Am Ende der Woche ist der Umzug endlich geschafft. Jetzt kann wieder Alltag einkehren. Die Pressestelle ist aus der Schusslinie, während im Landeshaus noch lange keine Ruhe einkehren wird. Die Koalitionsverhandlungen haben gerade erst begonnen. Ich werde das Ganze in den kommenden zwei Wochen aus sicherer Entfernung beobachten. Meine nächste Station: Praktikum in der Unternehmenskommunikation der Provinzial-Versicherung.

Donnerstag, 4. Mai 2017

Ansturm auf das Landeshaus

Vor dem Landeshaus halten drei riesige LKW des ZDF. Sie transportieren die Ausstattung für das Wahlstudio im Plenarsaal vom Bürostuhl über meterlange Kabel bis zur Stellwand ist alles dabei. Die Vorbereitungen für die Landtagswahl am 7. Mai sind in vollem Gange. Das macht sich auch im Büro bemerkbar.

Das ZDF lädt sein Equipment aus. (Fotos: Landtag)
Obwohl die Anmeldefrist für den Zugang zum Landtag längst abgelaufen ist, klingelt das Telefon der Pressereferentin noch immer im Minutentakt. Es sind meist Journalisten, die sich für den Wahltag akkreditieren wollen. Doch zu spät "Nein, da können wir leider keine Ausnahme machen" und "Ja, sie hätten sich namentlich anmelden müssen" höre ich sie immer wieder sagen.

Bereits seit Mitte Februar konnten sich Medienvertreter registrieren. Und auch Abgeordnete, die Landesregierung und die Mitarbeiter der Landtagsverwaltung und der Fraktionen, die sich am 7. Mai im Landtag aufhalten wollen, mussten sich bei der zuständigen Kollegin anmelden. Dass sich nicht alle daran halten würden, war abzusehen. Man kennt seine "Pappenheimer". 

Ohne Einlasskarte kein Zutritt ins Landeshaus.
Hinweise, dass nur diejenigen, die sich rechtzeitig angemeldet haben, das Landeshaus am Wahlabend betreten dürfen, gab es einige. Auf drei Erinnerungen an die Medien, folgte eine weitere Pressemitteilung mit der Auskunft, dass "ein spontaner Besuch des Landtages" am 7. Mai nicht möglich sein wird. 
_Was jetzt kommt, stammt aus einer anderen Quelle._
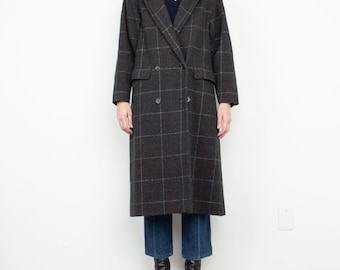 Vintage Plaid Wool Charcoal Gray Tailored Long Double Breasted Duster Coat M
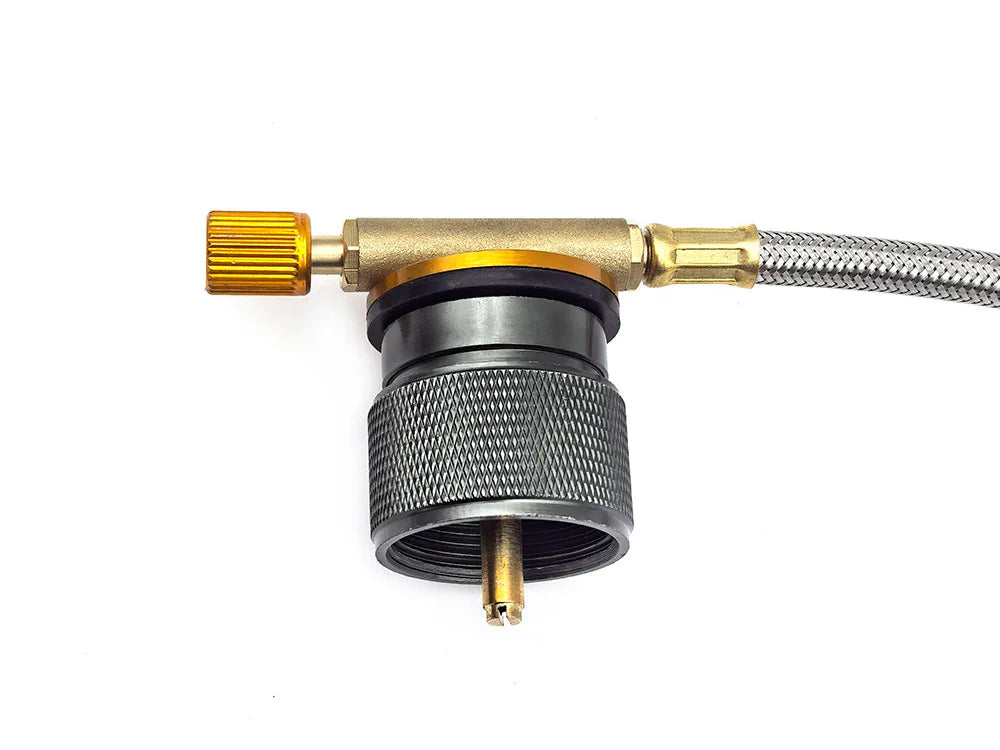 Gas Canister Extension Hose with Control Valve 100cm Stainless Steel Braided Tube with Mapp Gas Adaptor for Camping Stove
Wer die Frist nicht eingehalten hat, kann das Landeshaus am Wahltag nicht betreten. Es gelten strenge Sicherheitsvorschriften: alle Personalien werden im Vorfeld vom Landeskriminalamt überprüft, die Kapazitäten sind begrenzt. Insgesamt werden etwa 2.000 Gäste im Landtag erwartet, davon rund 1.000 Journalisten  auch TV-Sender aus Russland, Spanien und Dänemark haben sich angekündigt. Ein riesen Menschenauflauf also.

Ich bin schon gespannt, wie viele Leute versuchen werden, sich noch vor Ort zu registrieren. Solche "Notfälle" sind bereits eingeplant: Von vier Einlass-Countern ist einer für die "schweren Fälle" vorgesehen. Zutritt werden sie aber nicht bekommen. Sicherheit geht vor.